Von Eleni Klotsikas | 03.12.2005
    " Sie machen eine Titelstory."

    " Das ist keine Titelstory."

    " Ach hören sie auf! "

    "Nachhaltigkeit, das ist doch zu kopflastig! Jeder Depp redet darüber, aber keiner weiß genau, was das ist."

    Der Filmausschnitt bringt es auf den Punkt. Ein Chefredakteur möchte einen Aufmacher über das Thema Nachhaltigkeit. In der Realität ein seltenes Szenario. Doch der Journalist kann damit nichts anfangen. Das kommt häufiger vor. Mal ganz spontan nachgefragt. Was bedeutet Nachhaltigkeit für ZDF-Chefredakteur Nikolaus Brender?

    " Puh, das ist ja eine dicke Frage nicht? Also: Nachhaltigkeit ist ein technischer Begriff, der überaus Wichtiges meint. "

    Nach langem Überlegen legt sich Nikolaus Brender doch auf eine wackelige Definition fest.

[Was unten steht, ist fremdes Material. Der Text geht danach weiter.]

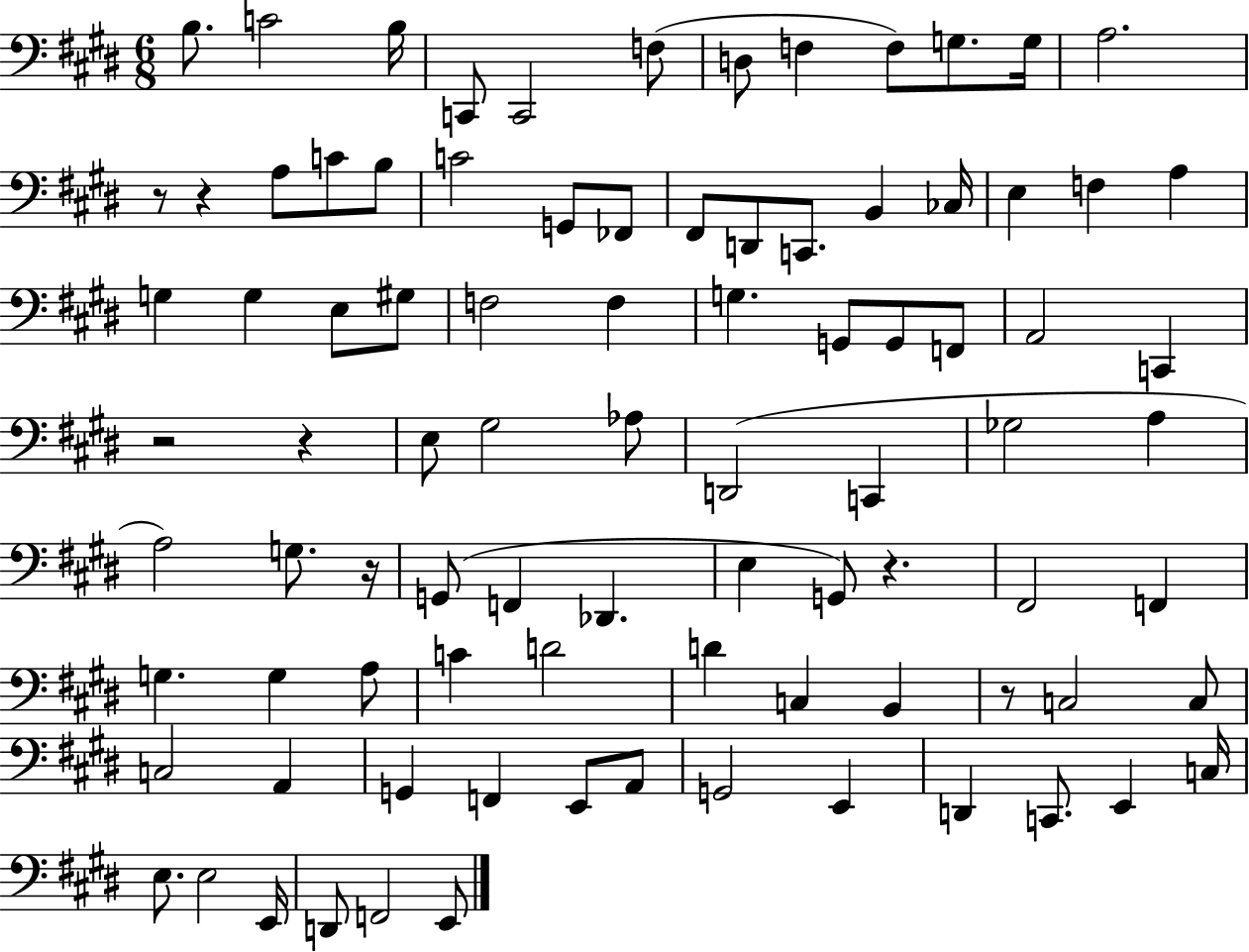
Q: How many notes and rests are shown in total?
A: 89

    " Wie unser Erdball gestaltet wird und wie die Menschen, die auf diesem Erdball jetzt und in Zukunft leben ihre Zukunft selbst planen können."

    Auch Angelika Zahrnt vom Rat für Nachhaltige Entwicklung, will sich nicht präziser ausdrücken und versteht unter Nachhaltigkeit:

    " So leben, dass es gerecht ist gegenüber künftigen Generationen und gegenüber den Menschen in der Dritten Welt. "

    Gemeint sind damit zum Beispiel: die Verteilung der Ressourcen, die Rohstoffverknappung, Umweltverschmutzung, Klimaveränderungen und letztlich alles, was die Existenz der Menschheit jetzt und in Zukunft bedroht. Umfragen zufolge wissen nur 28 Prozent der Deutschen, was sich hinter dem Begriff Nachhaltigkeit verbirgt.

    Das Bewusstsein ist gering, woran vor allem die Medien Schuld sein sollen. Wie sieht es tatsächlich aus mit den Inhalten? Spielt insbesondere im Leitmedium Fernsehen das Thema Leben der Zukunft, oder wie immer man das auch nun nennen mag, eine Rolle? Nicht genug, sagt Angelika Zahrnt vom Rat für Nachhaltige Entwicklung:

    "Ich würde mir wünschen, dass Fernsehen sich nicht nur versteht als Abbild der Wirklichkeit, sondern auch aufnimmt, welche Entwicklungen wir zu erwarten haben."
    Bei jedem Ereignis nach Zusammenhängen fragen und in die Zukunft denken - Ist das nicht zuviel verlangt? Beispiel: Hochwasser: Reicht es da aus, nur danach zu fragen, ob die Deiche höher gebaut wurden? Da steht besonders der Fernsehjournalismus vor einer Herausforderung, findet Intendant Peter Voß vom Südwestrundfunk:

    " Natürlich hängt das Hochwasser zusammen mit der Thematik Klima. Aber auch das nüchtern zu analysieren und die Zusammenhänge darzustellen, da ist Fernsehen besonders schwierig, weil wir ein punktuelles Medium sind, ein flüchtiges Medium, ein sinnliches Medium, nicht so sehr ein Nachdenkmedium wie das gedruckte Wort. Trotzdem muss man es versuchen, weil wir ein Leitmedium sind. "

    Und dann gibt es noch den Zuschauer: Möchte der ständig erzählt bekommen, dass er durch sein verantwortungsloses Handeln den nächsten Generationen den Boden unter den Füßen verpestet und überschwemmt? Petra Lidschreiber vom Rundfunk Berlin Brandenburg:

    " Jeden Tag den Menschen sagen, Achtung, Achtung, eure kleine Arbeitslosigkeit, eure kleinen Krankheiten, euer Altwerden interessiert uns nicht. Es ist ein Planet um Euch herum mit viel größeren Problemen als ihr selbst das seid. Das können wir nicht machen. Wir müssen also die Mischung finden. Die Menschen in ihrer Wirklichkeit abholen und versuchen, die globalisierten Probleme zurückzuführen auf ihren kleinen Alltag. "

    Eine Gratwanderung zwischen Lokalem und Globalem also, Und das nicht immer zu kopflastig, so das Resümee. Sonst hinterlässt auch das Thema Nachhaltigkeit beim Zuschauer keinen nachhaltigen Eindruck.